But just having a person like this in your life is NOT the wisdom I'm referring to. This is only a starting point. I'm referring to a really Godly friendship. Many people today identify their friends by their Facebook friend count or the number of likes and retweets their social media postings garner. And nobody ever says no to having more friends. Today, friendships are measured most by how they make us feel.
But what about the morality of the friendship? This is a question that is no longer asked today.
The wisdom of previous generations held that you could know something about a person based upon the company he or she kept. Friends were considered a reflection of a person's morality. And this was based upon the Scriptures. Paul warned the church in Corinth that their doctrine of the resurrection was sliding into heresy based largely upon the friendships they were maintaining (1 Cor. 15:33). Certain "friends" (notice the scare quotes?) in the church in Corinth were influencing others into a repudiation of the Gospel. Previous generations of Christians understood something that we have largely ignored: those with whom we associate always influence us, either for good or for bad.
Non-existent is the person who self-consciously thinks to himself, I will pursue a friendship with someone who is Godly and will challenge my own spiritual immaturity and sinfulness simply through his presence in my life. A friendship that pushes us out of our own complacency is probably the last thing that the Facebook generation is looking for.
But it's the kind of friendship that we need in order to draw closer to God.

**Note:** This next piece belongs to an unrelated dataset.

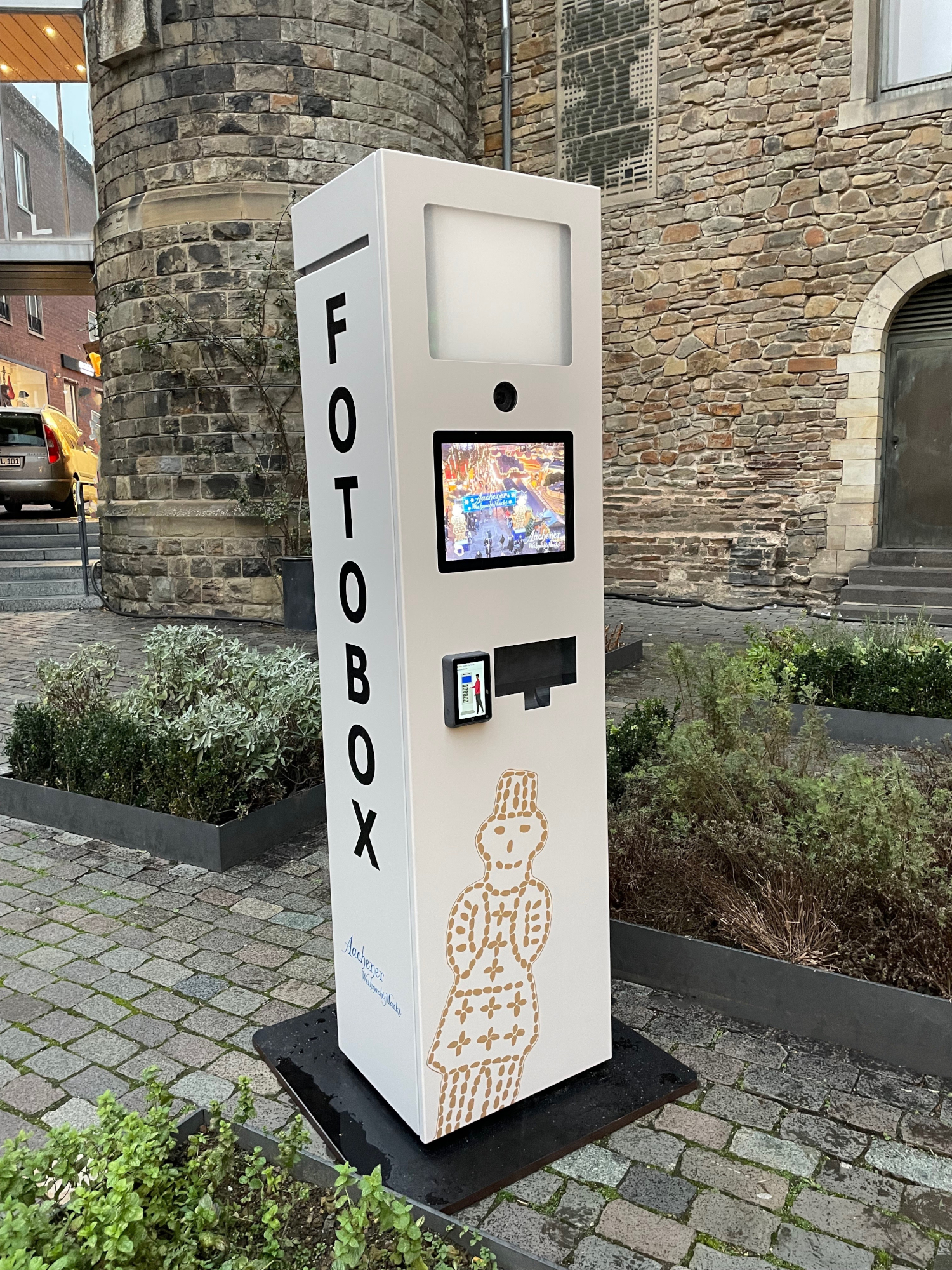 Photo Point Fotoautomat Fotobox im Außenbereich Outdoor  in Aktion auf dem Aachener Weihnachtsmarkt Attraktion Unternehmen Ausstellung im Hellen bei Tag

And it is exactly this kind of friendship that we must observe between our Elders (1 Timothy 3:1-7) and our Deacons (1 Timothy 3:8-13). Do we observe among the leadership in our a church a form of godliness that will lead to them sharpening each other, just as iron sharpens iron (Proverbs 27:17)? Or do we look for leaders that will simply serve to affirm each other and make each other comfortable, a group of yes-men who easily hand over their rubber stamp?